[What is required] Using the material below, print a verbatim copy of every line from the one containing "Miller Electric 852" through the one containing "A Secretariat Limited", inclusive, and omit the pictures.

[Data for review]
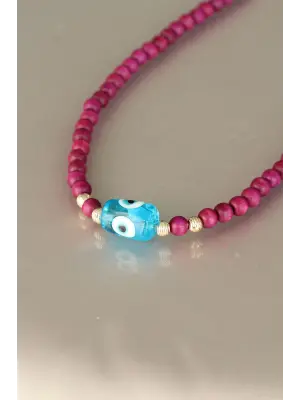Vişne Rengi Tahta Boncuklu Kadın Kolye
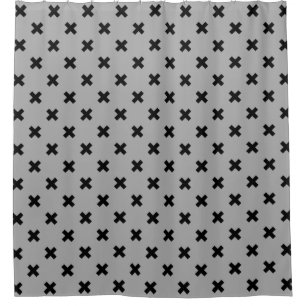 Rideaux De Douche Croix noire coutures sur gris
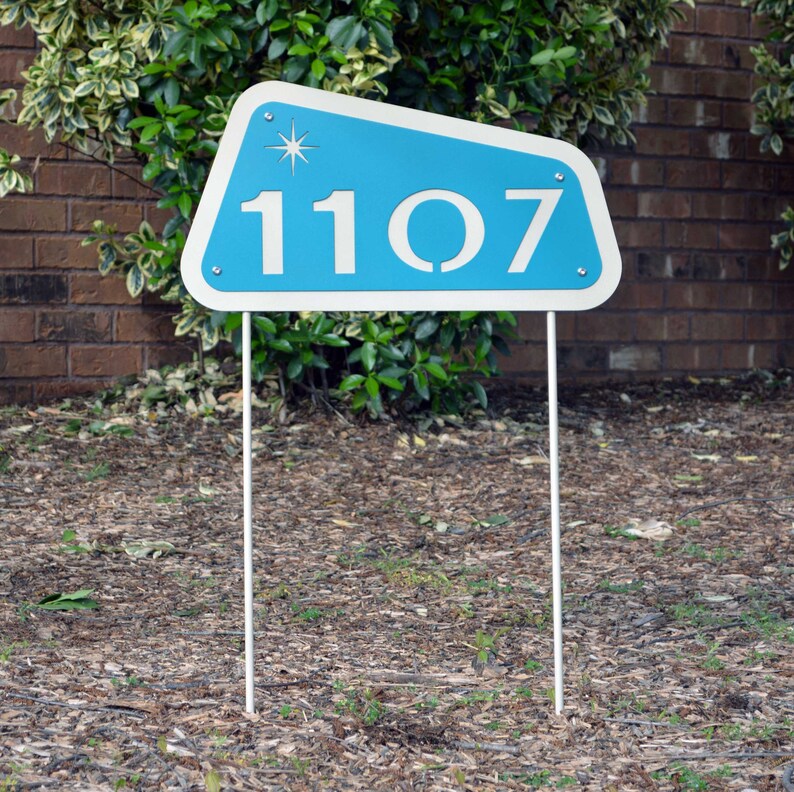 Mid Century Modern Street House Number Yard Sign With Stakes Etsy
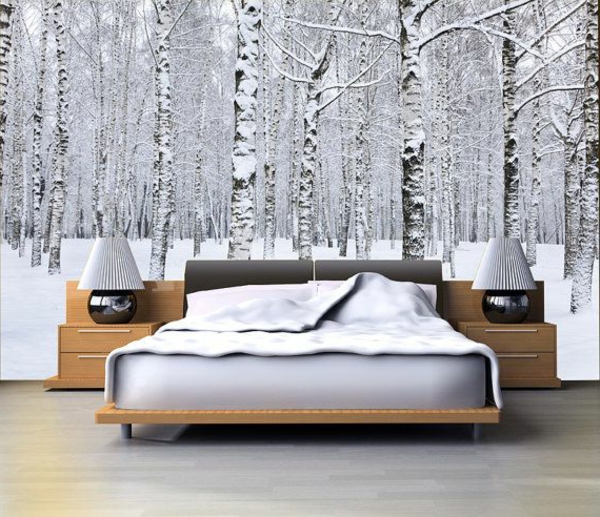 Wandbilder-Schlafzimmer-Bäumen-mit-Schnee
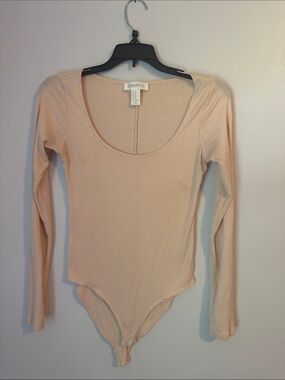4/$20 Forever 21 Ribbed Scoop Neck Long Sleeve Bodysuit - Light Pink/Peach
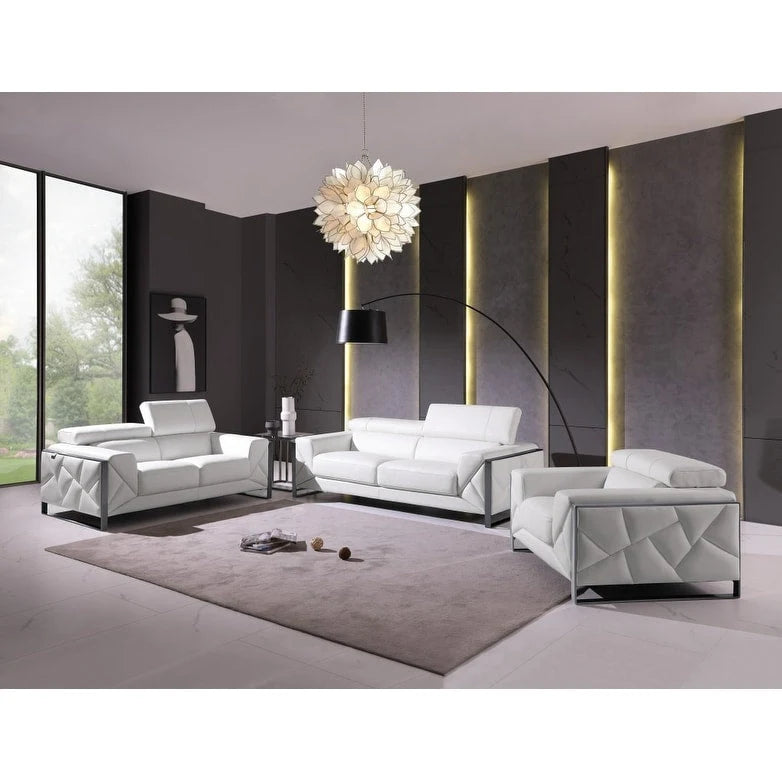 89 White Leather Sofa with Silver Legs - 35 H x 89 W x 43 D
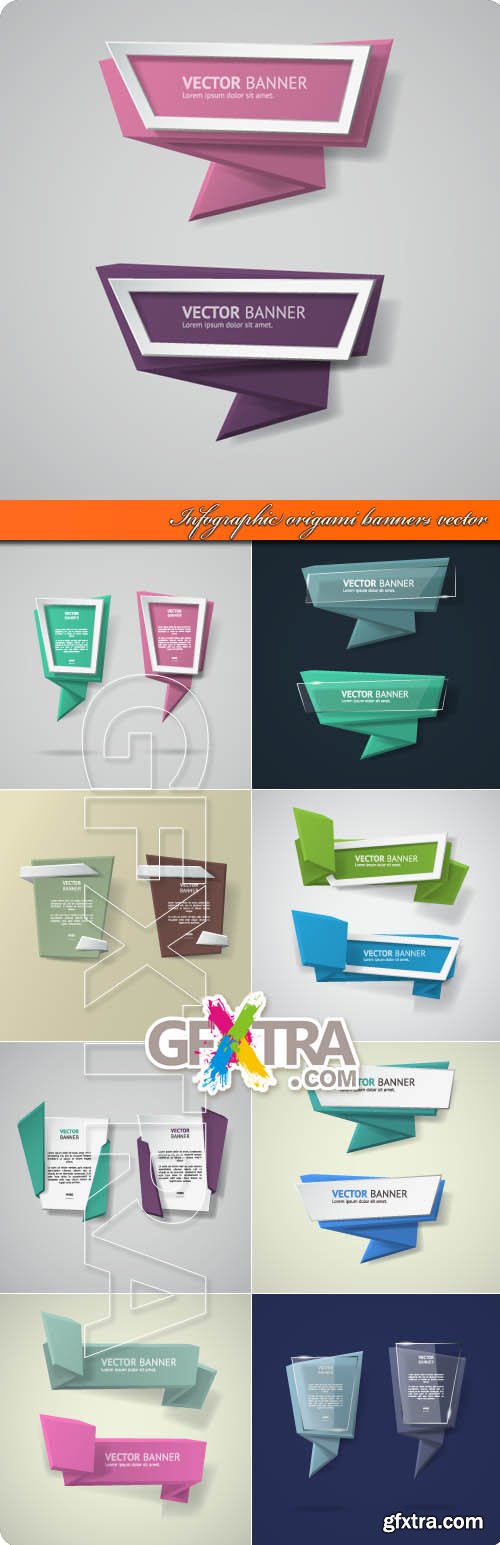 Infographic origami banners vector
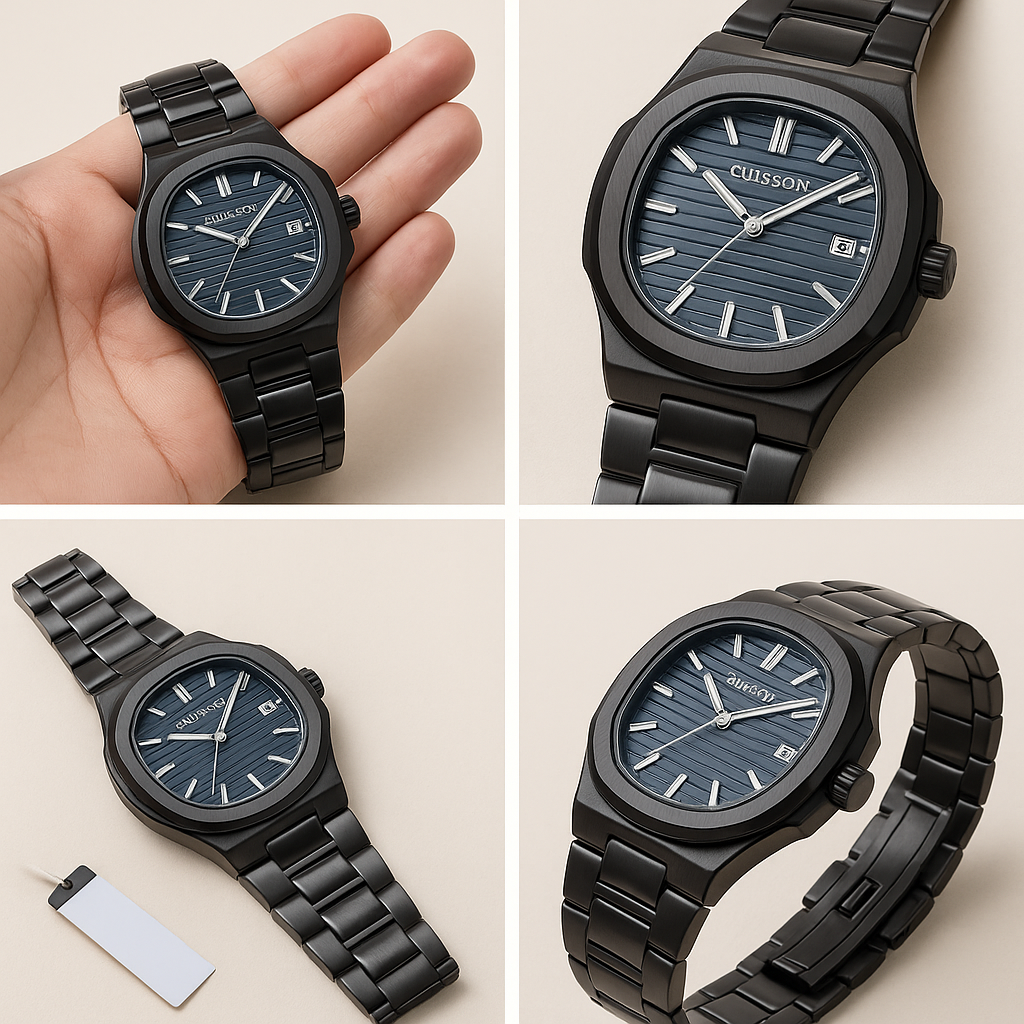 Fu$ion- Midnight Black Carbon Analog Watch – Blue Dial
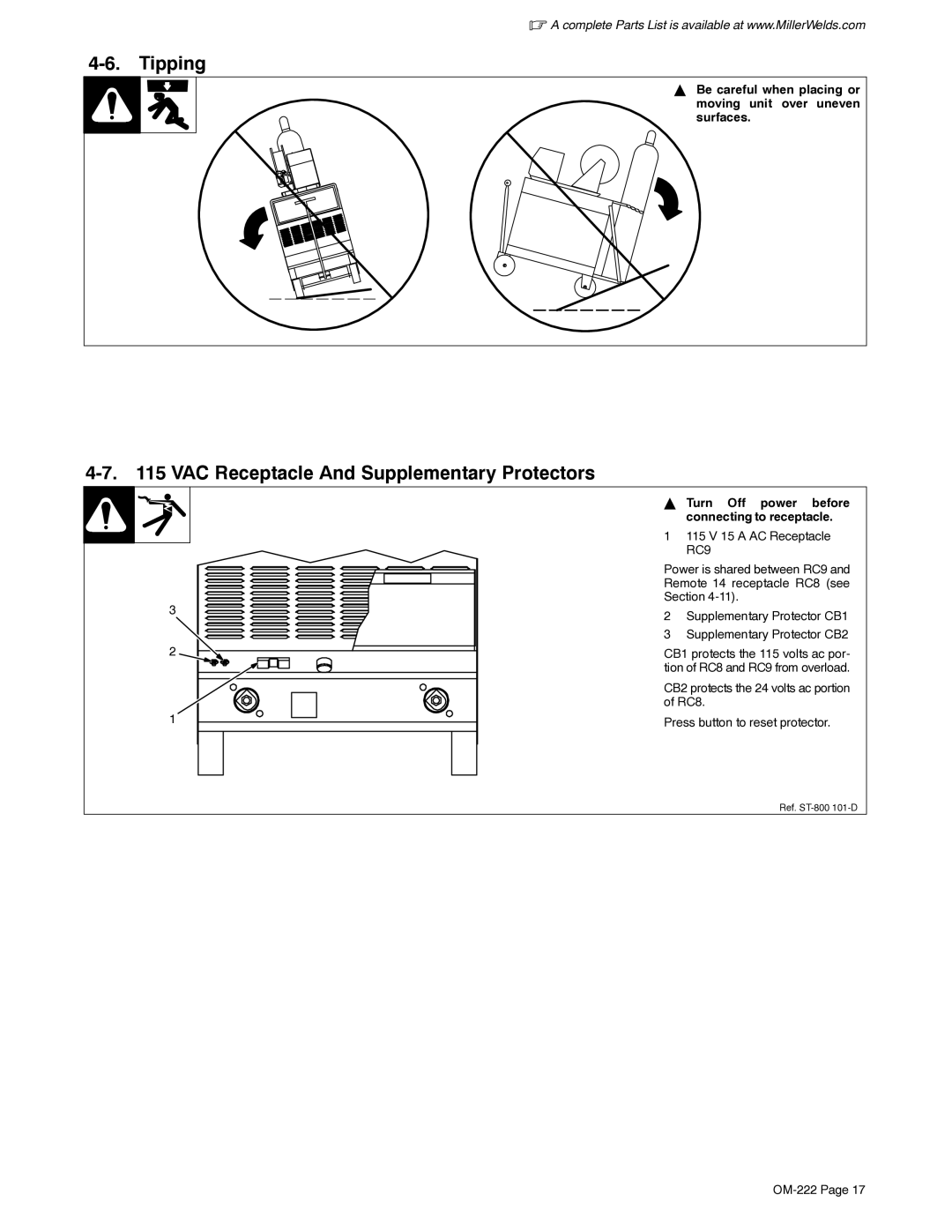 Miller Electric 852 Tipping, VAC Receptacle And Supplementary Protectors, Turn Off power before connecting to receptacle 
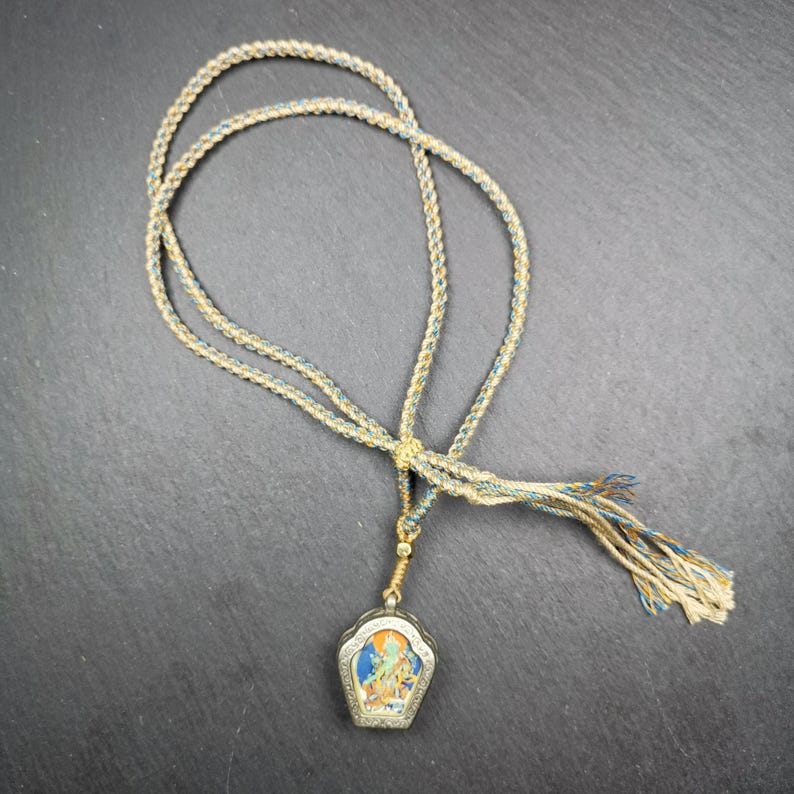 Tibetan Buddhist Gau Box Amulet, Green Tara Ghau Shrine, Altar Pendant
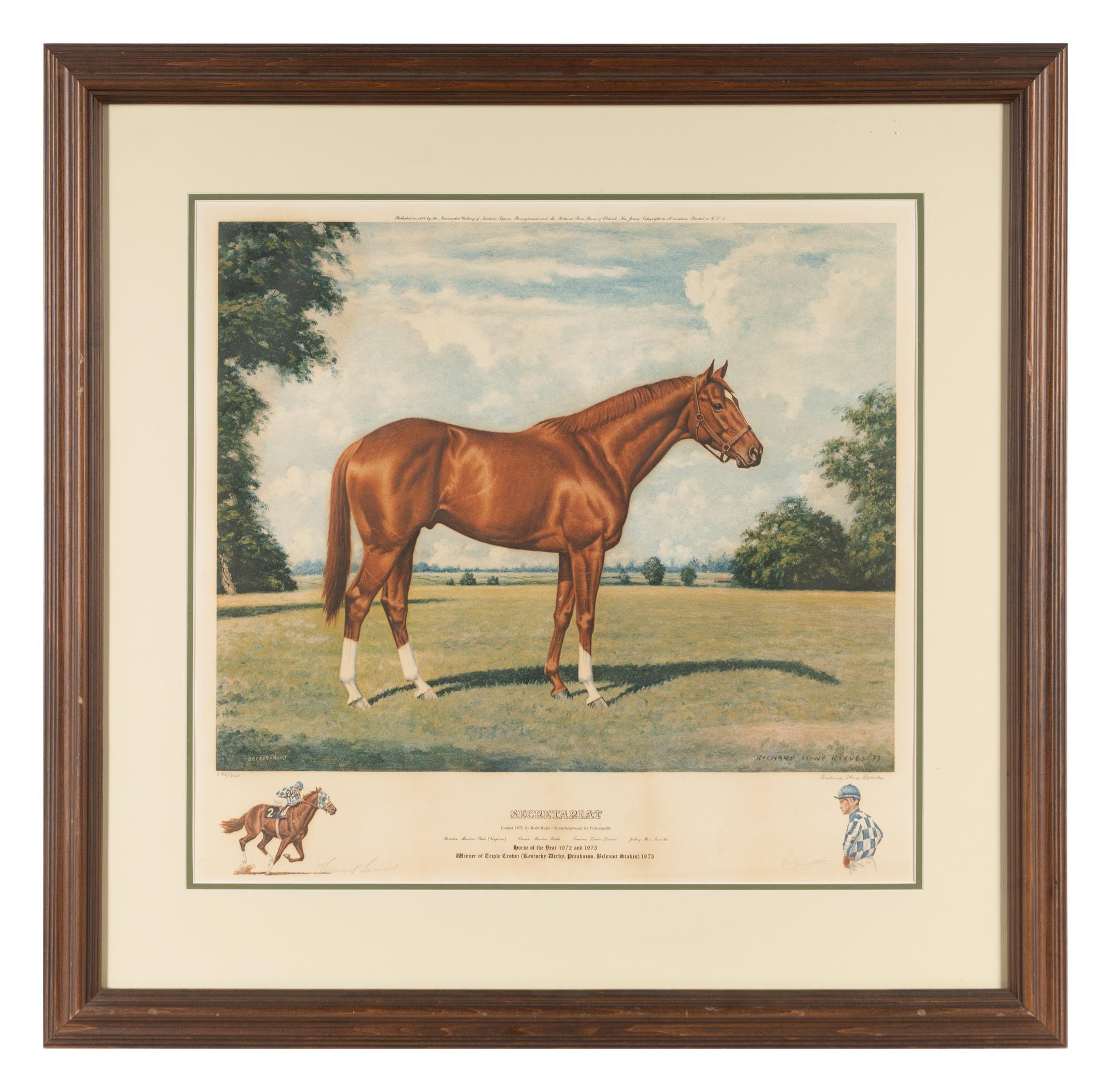 A Secretariat Limited Edition Richard Stone Reeves Print Signed by Trainer Lucien Laurin and Jockey Ron Turcotte,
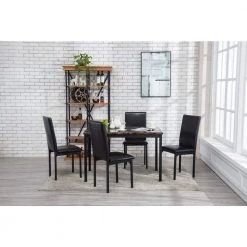 Arjen 5-Piece Black Faux Marble Dining Set by Boraam -Boraam Sales Store black boraam dining room sets 77006 31 1000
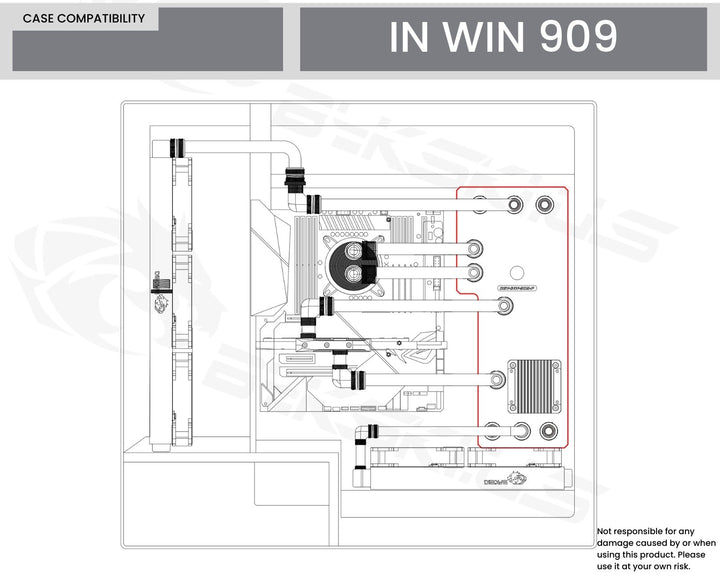 Bykski Distro Plate For InWin 909 - PMMA w/ 5v Addressable RGB(RBW) (RGV-INW-909-P-K) - DDC Pump With Armor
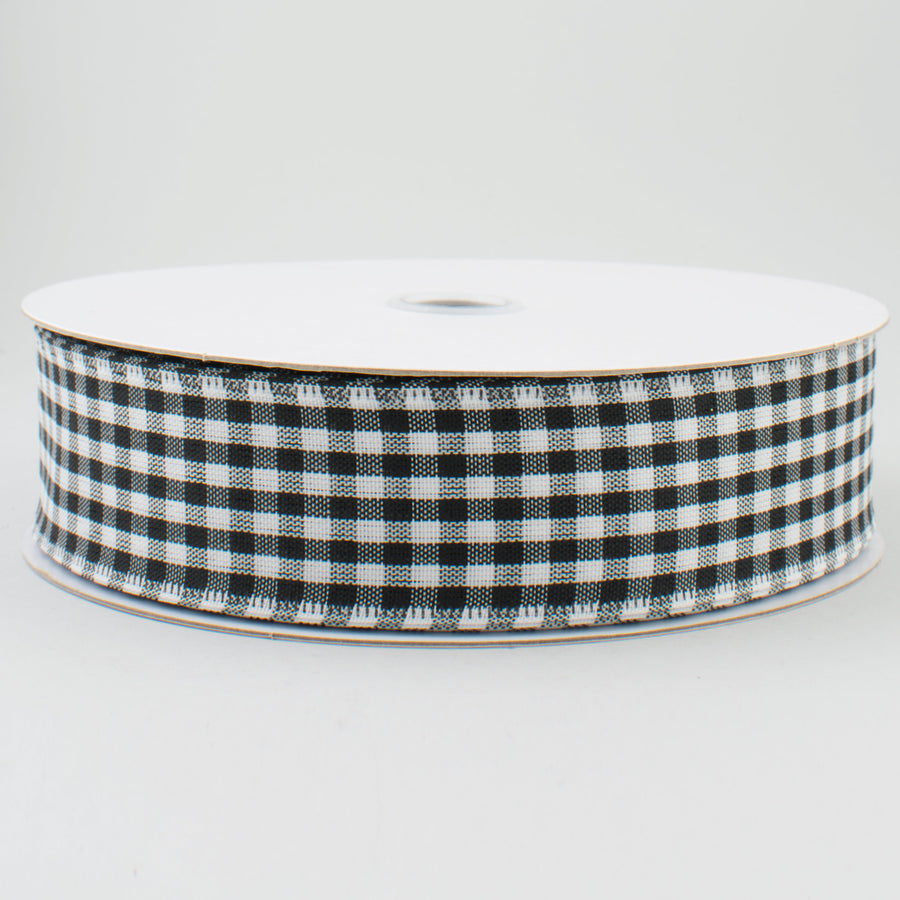 1.5" Gingham Check Wired Ribbon: Black & White (50 Yards)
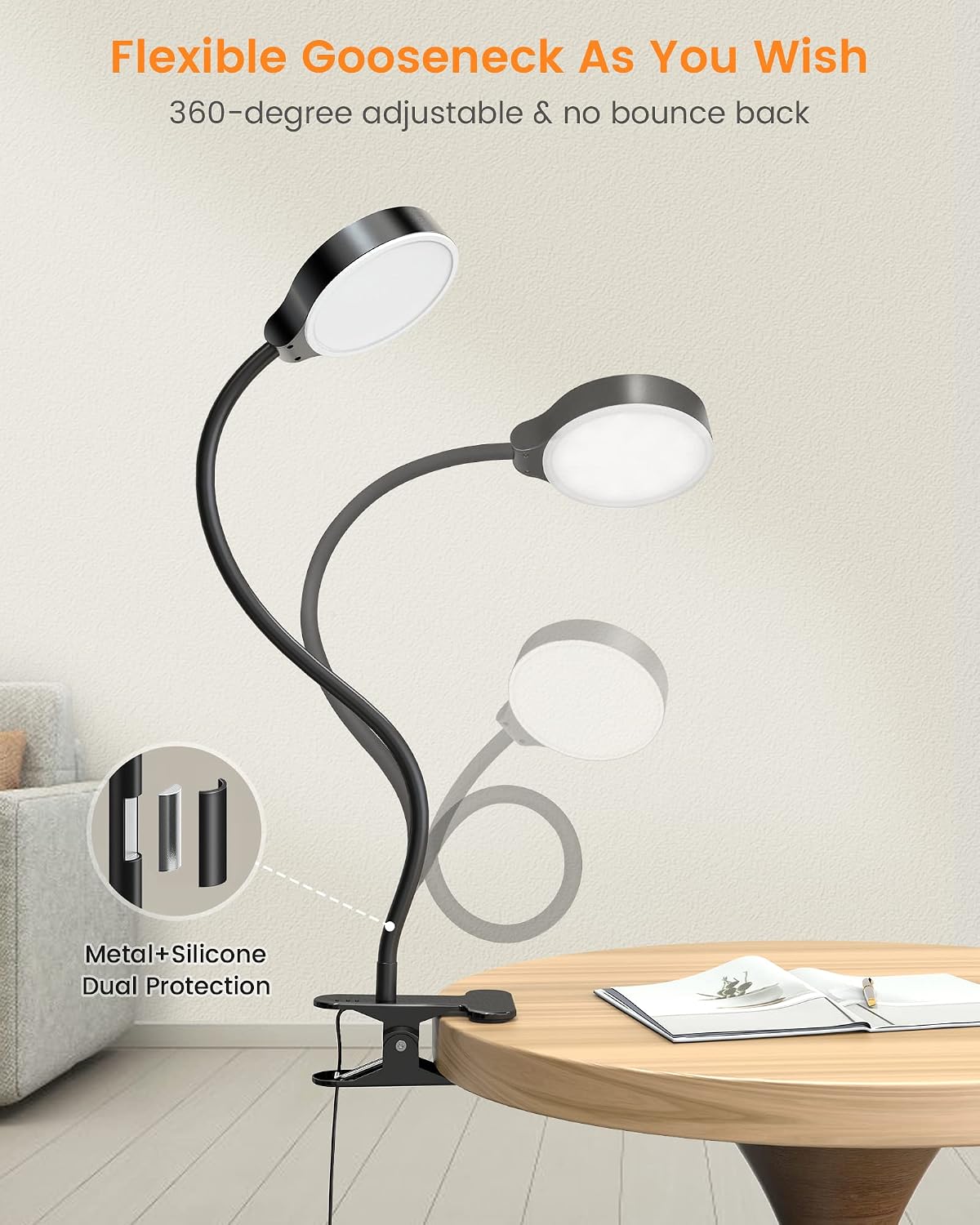 Glocusent 5W Clip on Light, 3 Colors & 5 Brightness Reading Light for Bed | Flexible Gooseneck Clip on Lamp, 30-Min Timer, Reading Lamp, Perfect Desk Lamp for Dorm,Bunk,Bed,Headboard,Table,Work,Craft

[The completed task]
 Miller Electric 852 Tipping, VAC Receptacle And Supplementary Protectors, Turn Off power before connecting to receptacle 
 Tibetan Buddhist Gau Box Amulet, Green Tara Ghau Shrine, Altar Pendant
 A Secretariat Limited Edition Richard Stone Reeves Print Signed by Trainer Lucien Laurin and Jockey Ron Turcotte,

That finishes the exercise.